**Task requirements**: Repeat the material exactly from its first line to the line that includes "BEFORE AND AFTER". Skip pictures.

◆ ◆ ◆ ◆ ◆

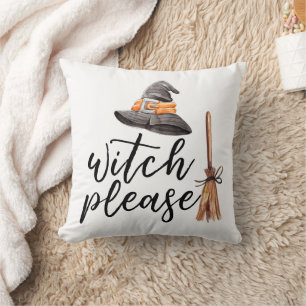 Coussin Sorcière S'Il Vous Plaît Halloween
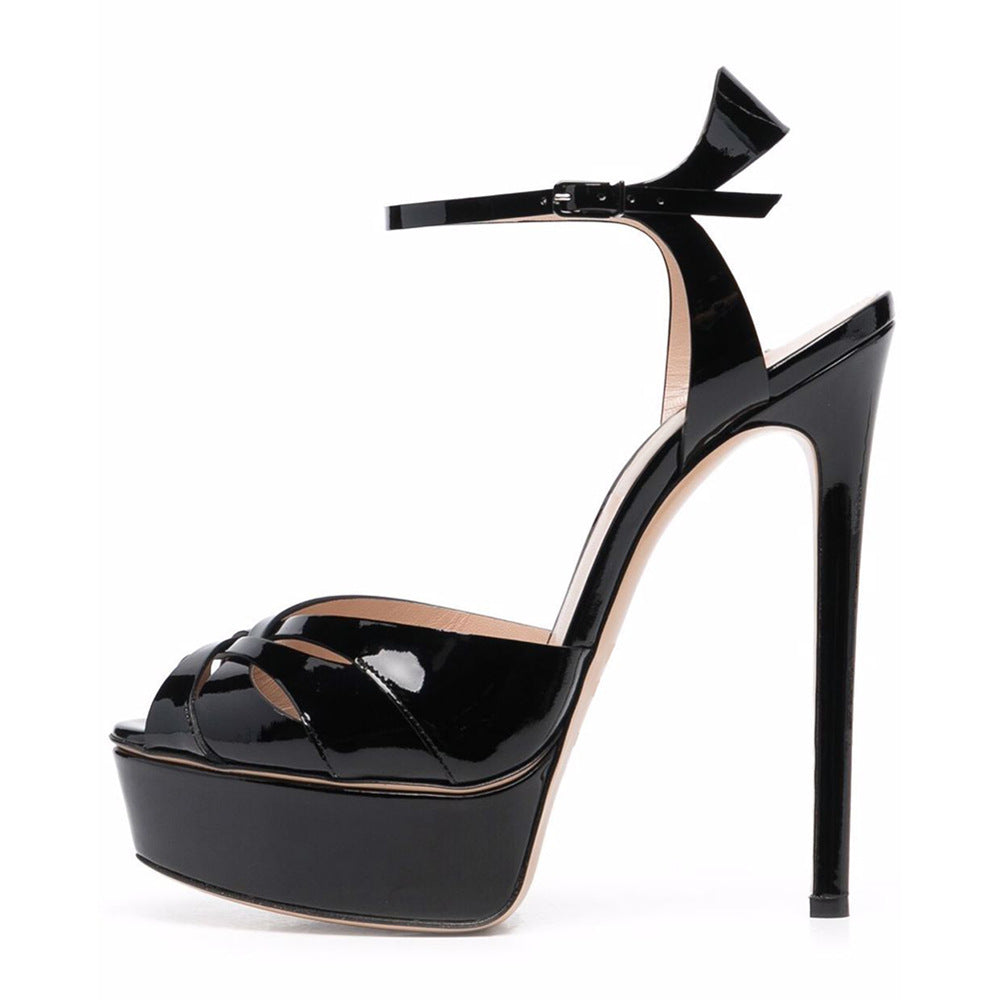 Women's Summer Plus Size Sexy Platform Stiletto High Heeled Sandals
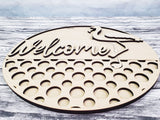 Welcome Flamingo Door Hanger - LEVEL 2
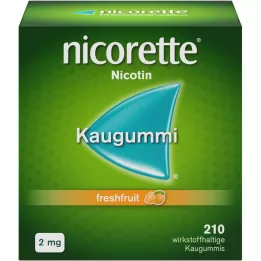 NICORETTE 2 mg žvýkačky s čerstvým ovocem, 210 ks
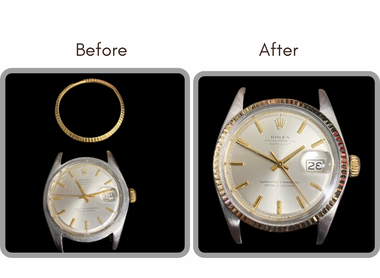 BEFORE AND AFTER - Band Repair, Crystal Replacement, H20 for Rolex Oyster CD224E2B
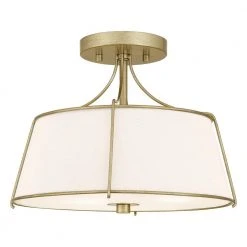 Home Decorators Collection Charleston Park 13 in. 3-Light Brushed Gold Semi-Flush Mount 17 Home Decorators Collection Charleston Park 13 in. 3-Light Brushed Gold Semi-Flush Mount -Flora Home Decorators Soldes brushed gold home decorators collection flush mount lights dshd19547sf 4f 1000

◆ ◆ ◆ ◆ ◆

**Response**:
 Coussin Sorcière S'Il Vous Plaît Halloween
 Women's Summer Plus Size Sexy Platform Stiletto High Heeled Sandals
 Welcome Flamingo Door Hanger - LEVEL 2
 NICORETTE 2 mg žvýkačky s čerstvým ovocem, 210 ks
 BEFORE AND AFTER - Band Repair, Crystal Replacement, H20 for Rolex Oyster CD224E2B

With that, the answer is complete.